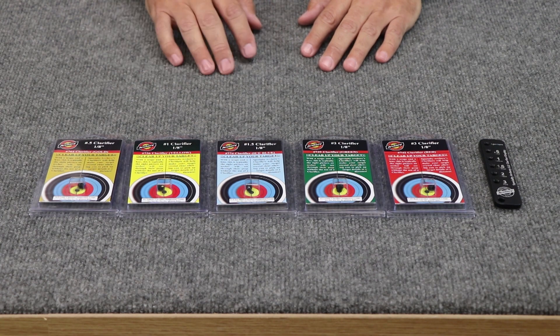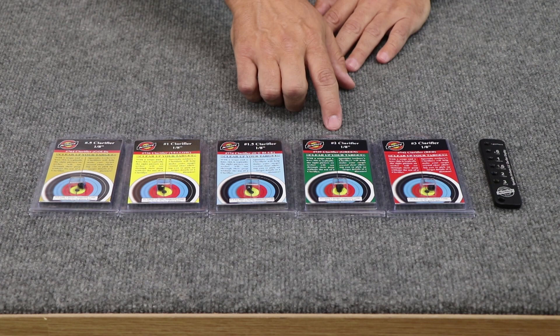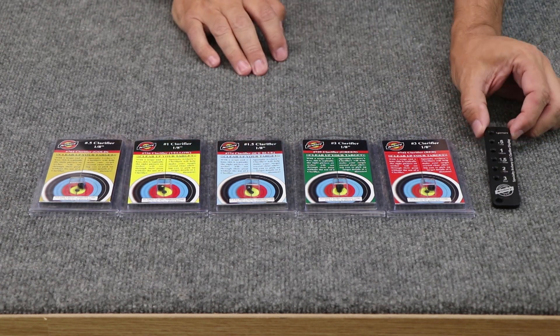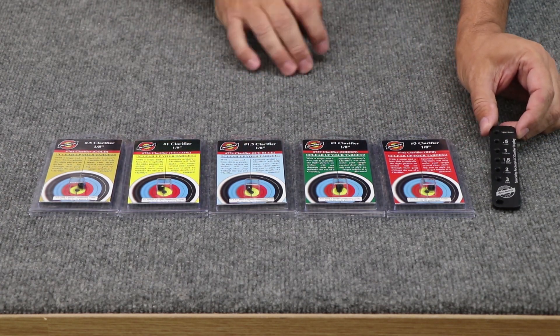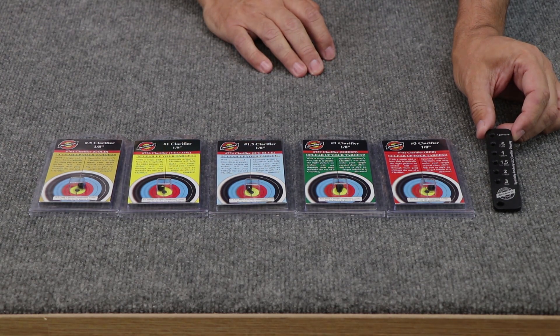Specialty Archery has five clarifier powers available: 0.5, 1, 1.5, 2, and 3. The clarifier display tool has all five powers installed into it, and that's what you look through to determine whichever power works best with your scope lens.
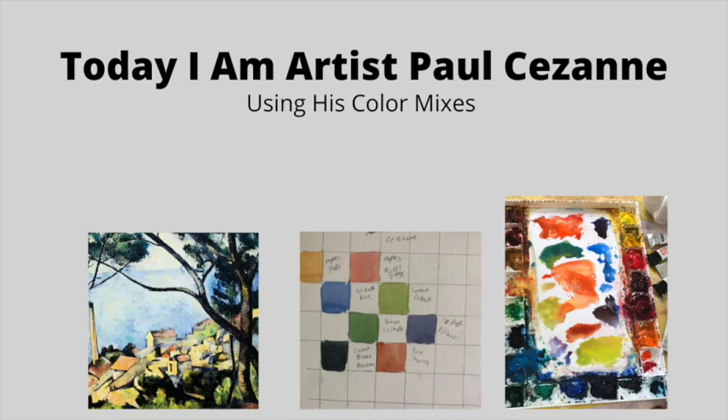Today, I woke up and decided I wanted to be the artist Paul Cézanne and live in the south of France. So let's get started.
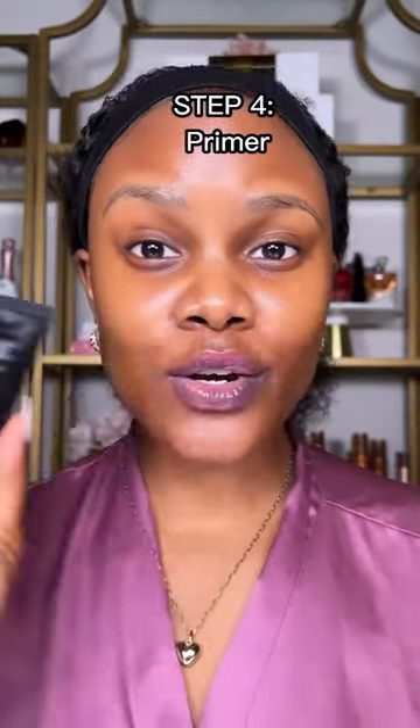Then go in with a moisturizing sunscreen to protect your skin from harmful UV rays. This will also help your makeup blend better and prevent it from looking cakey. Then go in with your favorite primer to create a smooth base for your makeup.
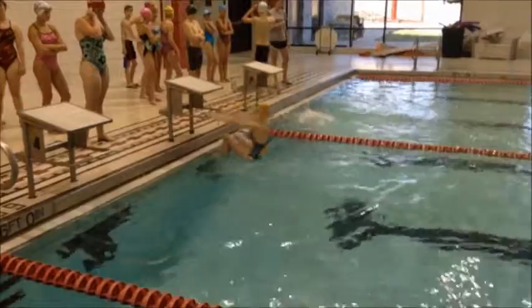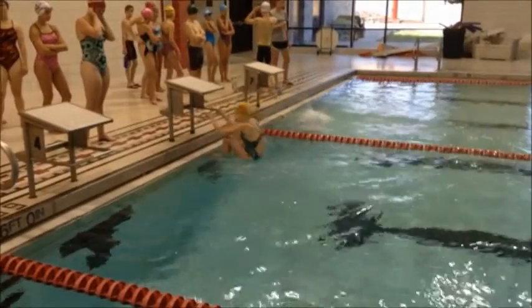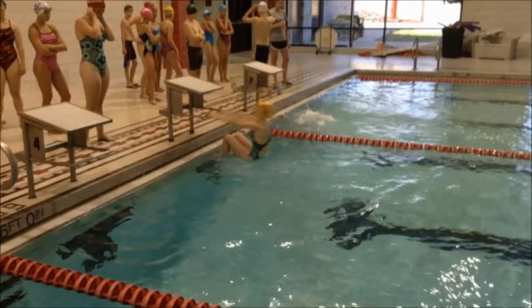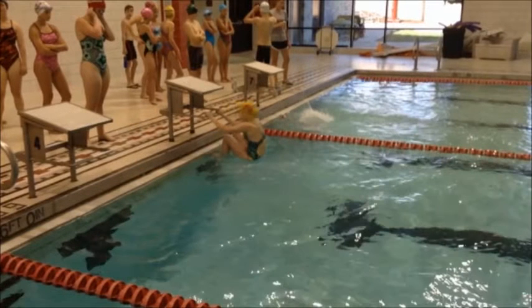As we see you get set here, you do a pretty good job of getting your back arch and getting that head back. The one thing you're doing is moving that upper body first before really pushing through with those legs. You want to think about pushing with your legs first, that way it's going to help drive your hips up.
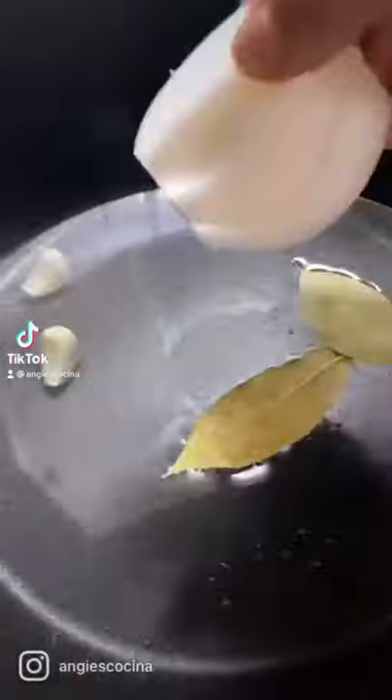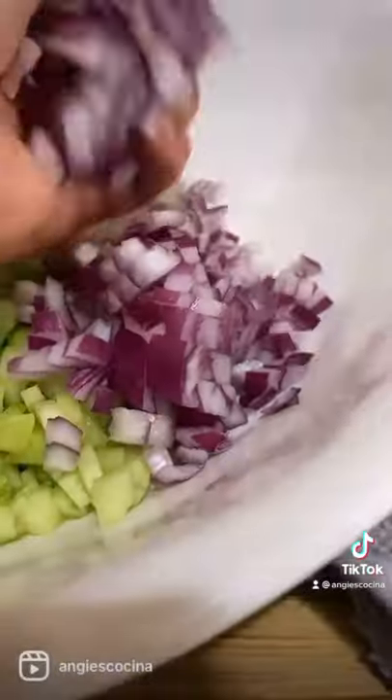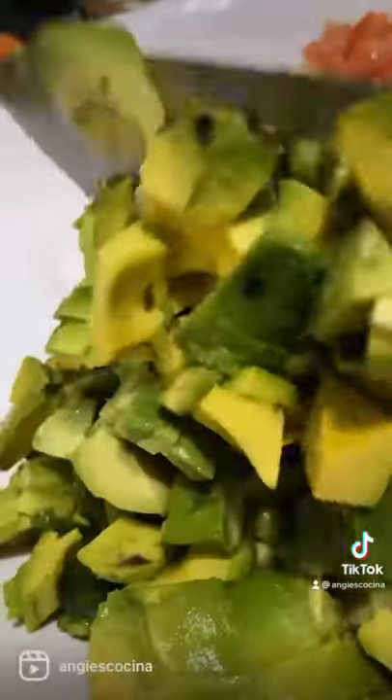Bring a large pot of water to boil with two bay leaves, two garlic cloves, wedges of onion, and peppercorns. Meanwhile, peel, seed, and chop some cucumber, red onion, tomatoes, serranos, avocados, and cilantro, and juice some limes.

→ Exercise
Once you have returned the line containing "As we see you", stop; begin at the first line of the material, keep each line exact, and skip the pictures.

→ Output
Specialty Archery has five clarifier powers available: 0.5, 1, 1.5, 2, and 3. The clarifier display tool has all five powers installed into it, and that's what you look through to determine whichever power works best with your scope lens.
Today, I woke up and decided I wanted to be the artist Paul Cézanne and live in the south of France. So let's get started.
Then go in with a moisturizing sunscreen to protect your skin from harmful UV rays. This will also help your makeup blend better and prevent it from looking cakey. Then go in with your favorite primer to create a smooth base for your makeup.
As we see you get set here, you do a pretty good job of getting your back arch and getting that head back. The one thing you're doing is moving that upper body first before really pushing through with those legs. You want to think about pushing with your legs first, that way it's going to help drive your hips up.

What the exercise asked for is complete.